GB platform: compatible with various video manufacturers, plays video data in the gb28181 protocol format, and has the functions of device registration and logout. And receiving the heartbeat sent by the equipment, and checking whether the equipment is offline or not. The system has the functions of real-time preview, video inquiry and video on demand. The system has the functions of video on demand control, play support, pause, rate control, positioning play and the like.
Sip (Session initiation Protocol) is a multimedia communication Protocol established by IETF (Internet Engineering Task Force), is a text-based application layer control Protocol used for creating, modifying and releasing sessions of one or more participants, is an IP voice Session control Protocol originated from the Internet, and has the characteristics of flexibility, easy implementation, convenient expansion and the like.
MD5 Message Digest Algorithm (MD5 Message-Digest Algorithm), which is a widely used cryptographic hash function to transform data (e.g. a segment of text) operation into another fixed length value, is the basic principle of hash Algorithm, and can generate a 128-bit (16-byte) hash value to ensure consistent information transmission.
SM4 original name SMS4.0 is a block cipher standard adopted by the government of the people's republic of China, belongs to a commercial cipher system, and is mainly used for data encryption.
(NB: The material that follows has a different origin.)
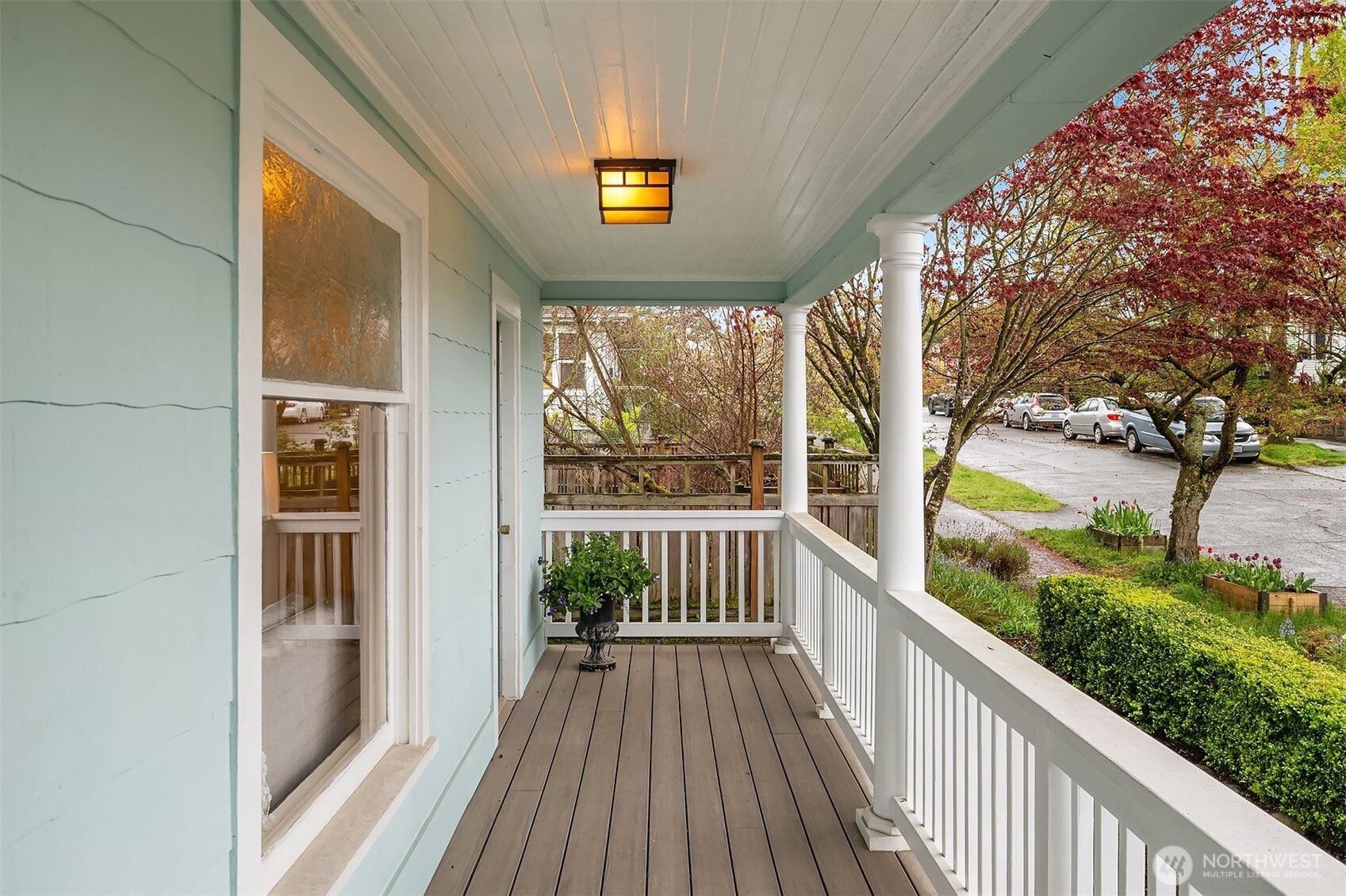 919 N 77th Street , Seattle, WA 98103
The algorithm is disclosed, the packet length and the character string length can be exchanged by 128 bits, the encryption algorithm and the key expansion algorithm adopt a 32-round nonlinear decomposition structure, and 8-bit input 8-bit output with fixed S box bits is adopted.
Equipment: the device herein includes a camera but is not limited to a camera, and may be referred to as a device as long as the gb28181 protocol number video data can be generated.
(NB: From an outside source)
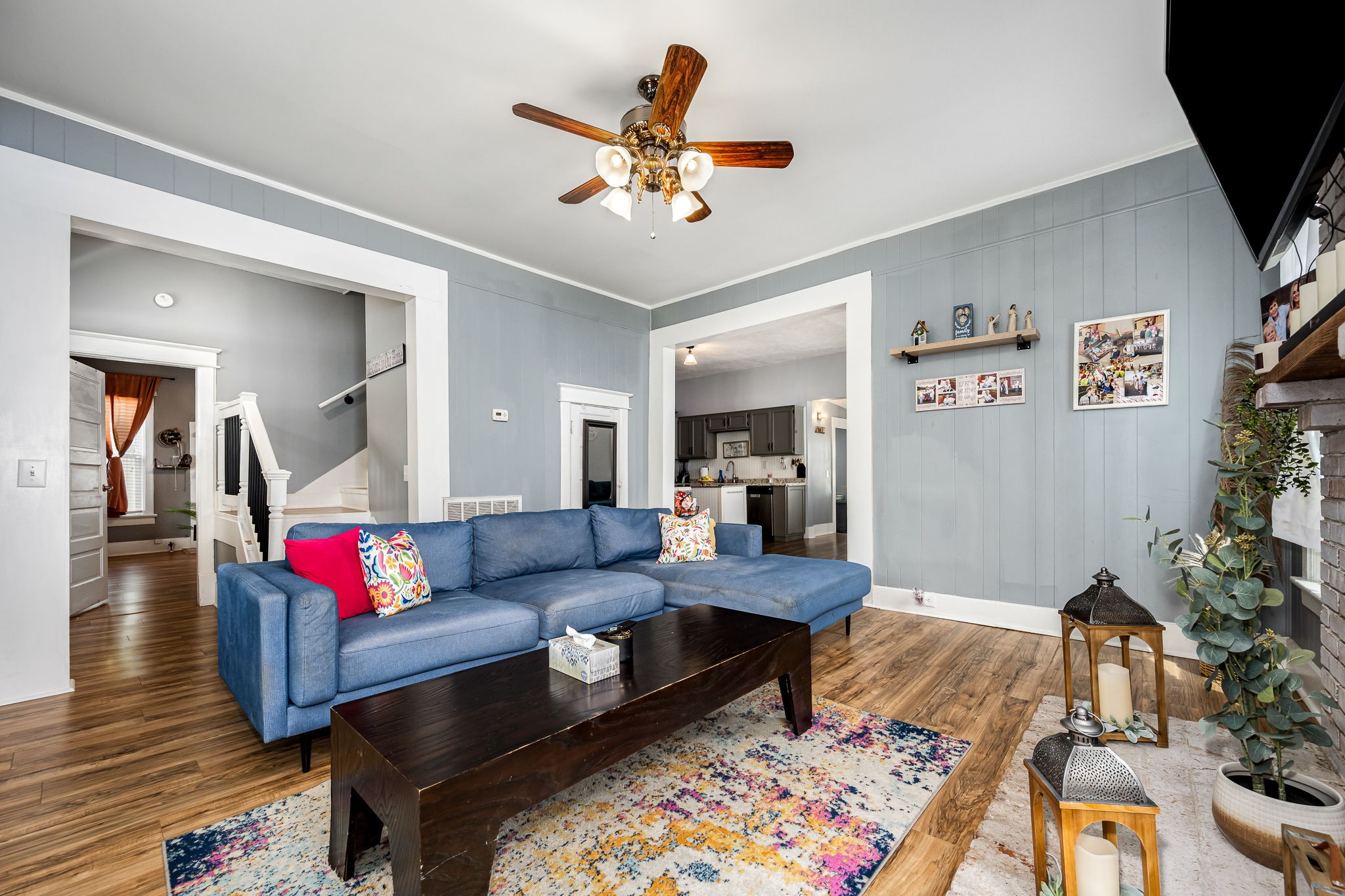 634 Highway 52 Portland, TN 37148 - Photo 12 of 42 a living room with furniture and wooden floor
The publication number CN107846447A discloses a method for accessing a message middleware to a home terminal based on an MQTT protocol, which relates to the technical field of Internet of things and comprises the following steps: s1, importing the home terminal information; s2, the home terminal requests an authentication service platform, and calculation encryption is carried out to obtain a check code; s3, the home terminal sends the check code to the authentication service platform for comparison and verification, and if the check code is consistent with the check code, a security token is returned; s4, the home terminal carries a security token to request the authentication service platform to acquire message middleware connection information; and S5, the home terminal accesses the message middleware, and the middleware calls the authentication service platform interface to perform client identity authentication.
The prior art at present has the following defects:
1. the identity information of the camera (equipment) is not subjected to primary detection;
2. the identity information of the camera (equipment) can be counterfeited and registered;
3. identity information of the camera (equipment) can be cracked violently;
4. the direct connection between the identity information of the camera (equipment) and the GB platform is not blocked, which easily causes information leakage.
Disclosure of Invention
The invention aims to provide a method and a system for video exchange identity authentication to solve the technical problems in the prior art.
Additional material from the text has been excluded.